La postface de Max-Pol Fouchet est très belle. En voici encore quelques extraits :
"Ah, c'est le silence, plutôt, qui devrait suivre. On éprouve de la gêne à parler après ce livre, un tel livre".
"Si la vie est impossible sans l'amour, et si nous n'aimons pas, alors nous ne vivons pas, et nous sommes dans la mort. "Le pire de tout", dit le Consul, "c'est de sentir son âme mourir" : et il ajoute : "Mes secrets sont de la tombe". Il n'est guère de page où la mort ne soit présente. L'action du livre tient en un seul jour : le Jour des Morts. Voici des meneurs de deuil, des funérailles, des coutumes funéraires, un cadavre expédié par train; voici l'indien mort, des chiens morts, et Yvonne eut un enfant, et il est mort; des fantômes errent dans le casino de la Selva, telle cantina s'appelle "la Sépultura"... On entend les chocs sourds d'un bombardement, d'un exercice de tir; le palais de Maximilien, tout ruines, est un palais funèbre".

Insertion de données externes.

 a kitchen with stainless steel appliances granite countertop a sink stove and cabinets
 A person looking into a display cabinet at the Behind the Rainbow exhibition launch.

"Il y a, chez le Consul, une soif infongible. Non d'alcool. Mais d'ontique, de statique, d'être. L'alcool, pour lui, n'est pas vice : il est le moyen d'une connaissance. Par l'alcool, il espère sortir de lui-même, sortir d'une temporalité dirigée par le péché préalable, sortir de l'historicité et de la conscience historicienne. Par l'alcool, il voit, il se fait voyant, dans l'acception rimbaldienne du terme. Ne voit-on pas, à lire nos grands contemporains, que la volonté de puissance a cédé à une volonté d'extase? Rarement l'extase fut plus héroïquement poursuivie que par le Consul Geoffrey Firmin. On mesure donc le contresens qui consisterait à tenir ce livre pour un témoignage, ou un roman "sur" l'alcool, - quand il s'agit d'un livre mystique".